Written by an enquiry panel led by Sir Robert Walmsley the report finds that:
- Failure occurred on the 12th December because of a latent software fault that was present from the 1990s. The fault lay in the software’s performance of a check on the maximum permitted number of Controller and Supervisor roles.
- The system error was caused because of a number of new Controller roles that had been added to the system the day before.
- The standard practice in NATS is that engineering recovery is coordinated through a group of designated engineers, known as the Engineering Technical Incident Cell (ETIC) and drawn from those available in the Systems Control Centre adjacent to the Operations Room. While some recovery actions are automated, ETIC manually control all key recovery actions, e.g. the restoration of data, to ensure that decisions are made with due and careful deliberation; this is important, as the wrong decisions could have further downgraded performance.
- Identifying a software fault in such a large system (the total application exceeds 2 million lines of code), within only a few hours, is a surprising and impressive achievement. This was made possible because system logs contain details of the interactions at the workstations.
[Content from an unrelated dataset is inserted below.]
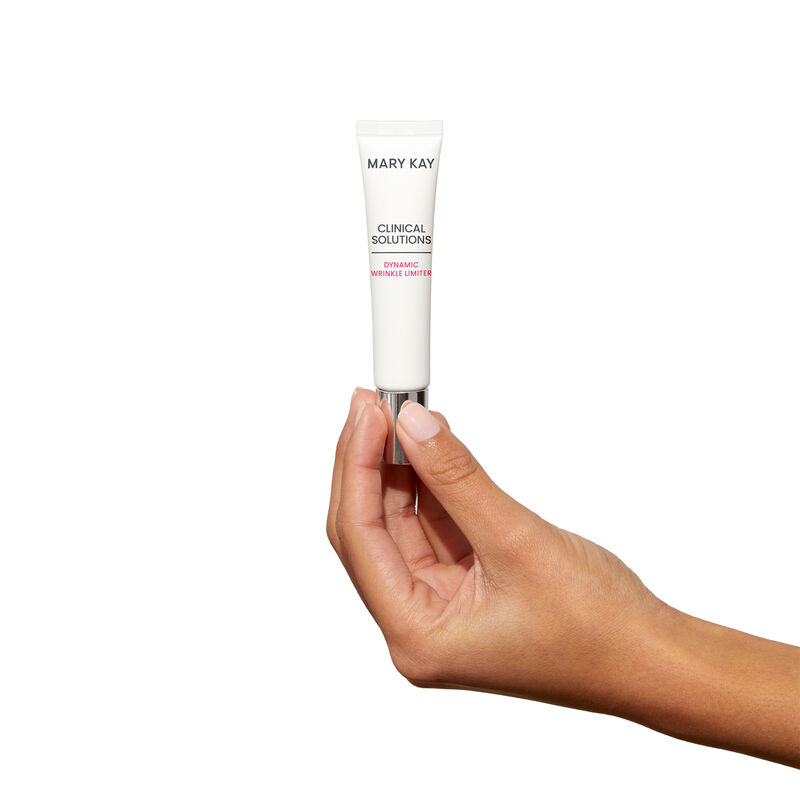 Medium-skinned hand holding tube of Mary Kay Clinical Solutions Dynamic Wrinkle Limiter against a plain background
The detailed 93 page report is available here as a PDF and should be of interest to business continuity managers whatever their sector. It shows how legacy systems can have unexpected and unanticipated impacts as well as giving useful details about the business continuity plans and strategies that were in place at the time of the incident.
The report makes clear that although this was a high profile incident which caused difficulties for NATS' direct customers and the supply chain, it was undoubtedly a business continuity success. Without a strong recovery team response and the pre-planned procedures that were in place the incident and disruption would have been much worse.